* WHAT YOU ARE ASKED TO DO: Return the listing in full, word for word.
»»
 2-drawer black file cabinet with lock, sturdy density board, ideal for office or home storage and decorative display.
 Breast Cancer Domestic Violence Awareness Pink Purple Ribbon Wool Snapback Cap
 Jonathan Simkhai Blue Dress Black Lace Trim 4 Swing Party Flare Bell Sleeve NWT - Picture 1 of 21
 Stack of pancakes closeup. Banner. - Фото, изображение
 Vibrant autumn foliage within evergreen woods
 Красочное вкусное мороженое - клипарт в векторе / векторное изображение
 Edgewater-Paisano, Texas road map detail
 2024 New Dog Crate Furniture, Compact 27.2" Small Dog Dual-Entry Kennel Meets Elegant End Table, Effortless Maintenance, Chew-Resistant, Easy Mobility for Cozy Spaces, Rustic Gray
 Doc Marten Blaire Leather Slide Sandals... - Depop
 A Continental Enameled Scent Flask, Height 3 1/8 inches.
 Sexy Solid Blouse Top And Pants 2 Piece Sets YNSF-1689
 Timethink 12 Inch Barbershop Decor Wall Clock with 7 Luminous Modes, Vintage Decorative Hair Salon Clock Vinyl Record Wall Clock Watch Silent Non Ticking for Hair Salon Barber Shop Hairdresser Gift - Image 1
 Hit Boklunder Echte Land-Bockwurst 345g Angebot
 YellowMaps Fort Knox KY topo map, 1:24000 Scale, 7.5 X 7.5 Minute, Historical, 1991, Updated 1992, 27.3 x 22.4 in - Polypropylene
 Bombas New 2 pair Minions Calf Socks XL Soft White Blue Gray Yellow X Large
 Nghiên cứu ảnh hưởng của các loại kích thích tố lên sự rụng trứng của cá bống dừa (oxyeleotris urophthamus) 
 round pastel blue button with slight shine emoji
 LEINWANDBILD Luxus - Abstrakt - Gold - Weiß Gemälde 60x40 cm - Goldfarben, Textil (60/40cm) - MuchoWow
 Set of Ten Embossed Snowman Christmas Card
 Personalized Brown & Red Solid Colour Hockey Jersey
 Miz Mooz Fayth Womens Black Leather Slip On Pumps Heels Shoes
««
* RESPONSE FOR THIS EXERCISE:
 2-drawer black file cabinet with lock, sturdy density board, ideal for office or home storage and decorative display.
 Breast Cancer Domestic Violence Awareness Pink Purple Ribbon Wool Snapback Cap
 Jonathan Simkhai Blue Dress Black Lace Trim 4 Swing Party Flare Bell Sleeve NWT - Picture 1 of 21
 Stack of pancakes closeup. Banner. - Фото, изображение
 Vibrant autumn foliage within evergreen woods
 Красочное вкусное мороженое - клипарт в векторе / векторное изображение
 Edgewater-Paisano, Texas road map detail
 2024 New Dog Crate Furniture, Compact 27.2" Small Dog Dual-Entry Kennel Meets Elegant End Table, Effortless Maintenance, Chew-Resistant, Easy Mobility for Cozy Spaces, Rustic Gray
 Doc Marten Blaire Leather Slide Sandals... - Depop
 A Continental Enameled Scent Flask, Height 3 1/8 inches.
 Sexy Solid Blouse Top And Pants 2 Piece Sets YNSF-1689
 Timethink 12 Inch Barbershop Decor Wall Clock with 7 Luminous Modes, Vintage Decorative Hair Salon Clock Vinyl Record Wall Clock Watch Silent Non Ticking for Hair Salon Barber Shop Hairdresser Gift - Image 1
 Hit Boklunder Echte Land-Bockwurst 345g Angebot
 YellowMaps Fort Knox KY topo map, 1:24000 Scale, 7.5 X 7.5 Minute, Historical, 1991, Updated 1992, 27.3 x 22.4 in - Polypropylene
 Bombas New 2 pair Minions Calf Socks XL Soft White Blue Gray Yellow X Large
 Nghiên cứu ảnh hưởng của các loại kích thích tố lên sự rụng trứng của cá bống dừa (oxyeleotris urophthamus) 
 round pastel blue button with slight shine emoji
 LEINWANDBILD Luxus - Abstrakt - Gold - Weiß Gemälde 60x40 cm - Goldfarben, Textil (60/40cm) - MuchoWow
 Set of Ten Embossed Snowman Christmas Card
 Personalized Brown & Red Solid Colour Hockey Jersey
 Miz Mooz Fayth Womens Black Leather Slip On Pumps Heels Shoes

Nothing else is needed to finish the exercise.